5) Would you still add ezetimibe to a patient on atorvastatin 80mg who had an LDL > 70mg/dL?

I am hesitant to recommend the addition of ezetimibe to high-intensity statin therapy, like atorvastatin 80 mg, due to a lack of evidence for this practice and the additional financial burden that would be placed upon the patient. Utilizing the results of the PROVE-IT TIMI 22 study, which showed the benefit of high intensity statins over moderate-intensity statins in patients with recent ACS, it may be postulated that a monotherapy high intensity statin arm in IMPROVE-IT very well may have produced equal, if not improved, outcomes as the ezetimibe/simvastatin arm. (1,4) Therefore, I would conclude that the addition of ezetimibe to high intensity statin therapy would likely provide modest benefit while increasing medication expenditure. In accordance with the most recent hyperlipidemia guidelines, if it was felt that high-intensity statin therapy did not reduce LDL cholesterol sufficiently then I think it may be reasonable to consider the addition of non-statin therapy as long as this does not result in the reduction of statin intensity secondary to new adverse events. (7)
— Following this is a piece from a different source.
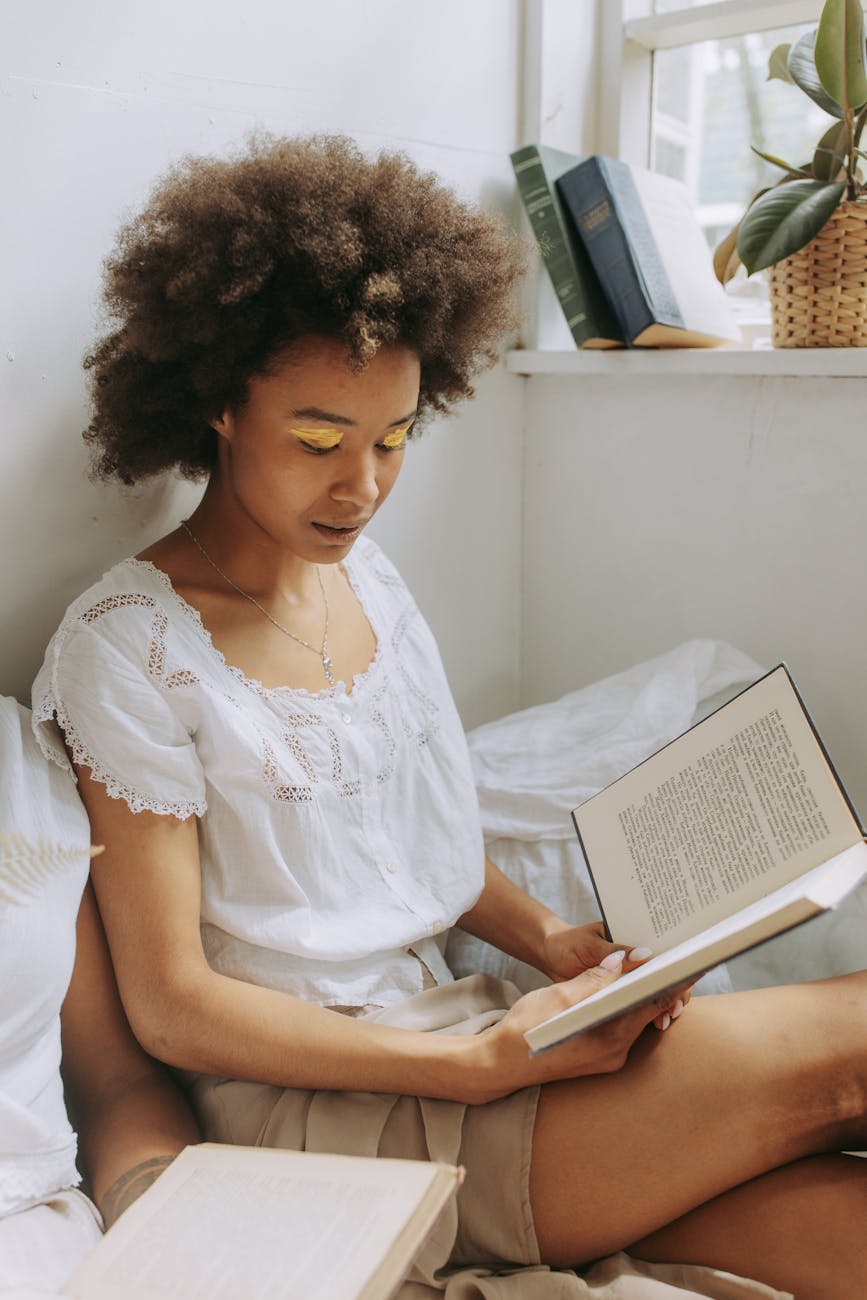 A girl reads a book in bed.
6) Would you recommend re-instating the LDL thresholds post- this trial?

The reduction in LDL cholesterol and improvement in cardiovascular outcomes observed in IMPROVE-IT lend support to the “LDL hypothesis” that more benefit is gained with every decrease in LDL cholesterol. (1) If this is true, then it would make sense to have targets for LDL reduction included in clinical guidelines. However, there is no evidence to date to suggest LDL cholesterol can be lowered pharmacologically to a point that results in adverse effects. Therefore, I would recommend minimum LDL targets to be achieved without a limit on the degree of LDL lowering.

References

1)  Cannon CP, Blazing MA, Giugliano RP et al. Ezetimibe added to statin therapy after acute coronary syndrome. NEJM 2015; 372(25):2387-2397.
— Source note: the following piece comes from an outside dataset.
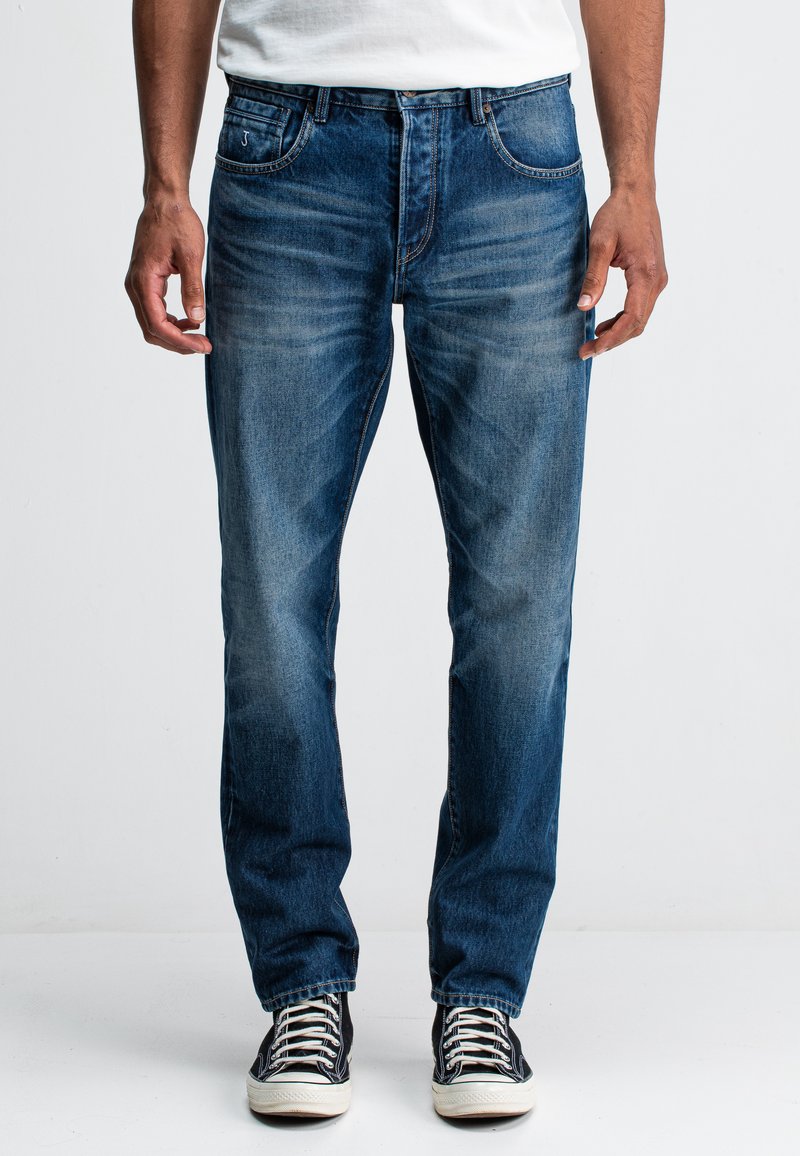 Jeans aus Denim in einem mittleren Blauton mit geradem Bein. Mit fünf Taschen, leichter Ausbleichung und Reißverschluss. Kombiniert mit schwarzen Sneakers.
2)  Sabatine MS, Giugliano RP, Wiviott SD et al. Efficacy and safety of evolocumab in reducing lipids and cardiovascular events. NEJM 2015;372(16):1500-1509.

3)  Anticipated availability of first-time generics. Pharmacist’s Letter 2015;Detait-Document #310944. Accessed October 10, 2015.
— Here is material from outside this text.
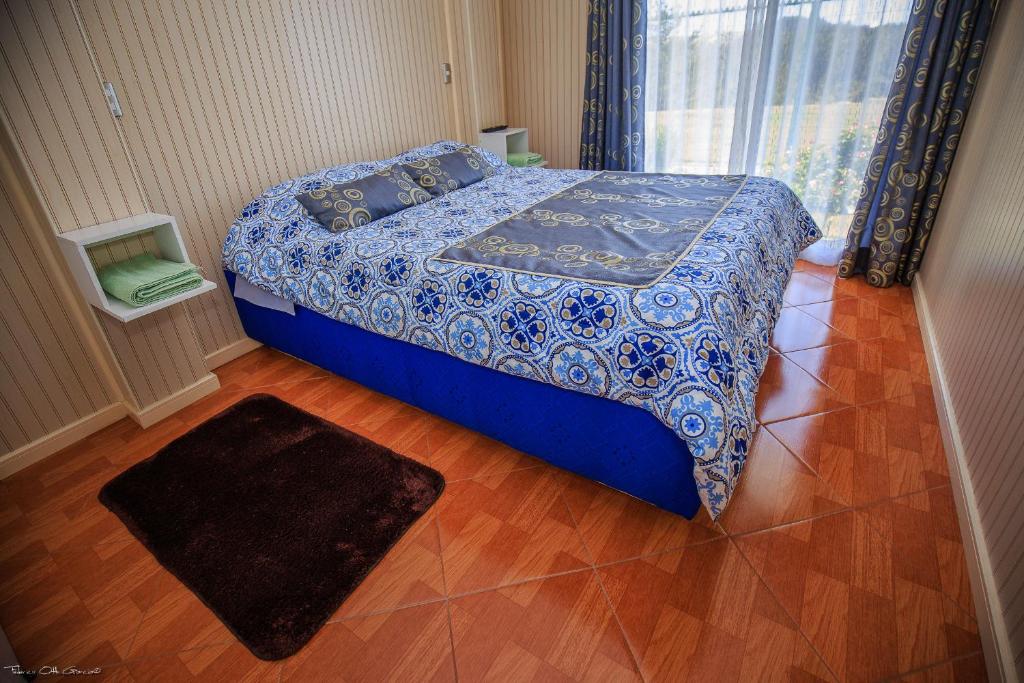 Postel nebo postele na pokoji v ubytování Marina Pichilemu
4)  Cannon CP, Braunwald E, McCabe CH et al. Intensive versus moderate lipid lowering with statins after acute coronary syndromes. NEJM 2004;350(15):1495-1504.

5)  Micromedex. RED BOOK Online. Ann Arbor (MI): Truven Health Analytics; 2013 [cited 10 Oct 2015]. Available from: www.micromedexsolutions.com.

6)  Cannon CP, Blazing MA, Giugliano RP et al. On-Treatment Analysis of the IMProved Reduction of Outcomes: Vytorin Efficacy International Trial (IMPROVE-IT). Available from: http://my.americanheart.org/idc/groups/ahamah-public/@wcm/@sop/@scon/documents/downloadable/ucm_469611.pdf.

7)  Stone NJ, Robinson JG, Lichtenstein AH et al. 2013 ACC/AHA Guideline on the Treatment of Blood Cholesterol to Reduce Atherosclerotic Cardiovascular Risk in Adults. Circulation 2013;129:S1-S45.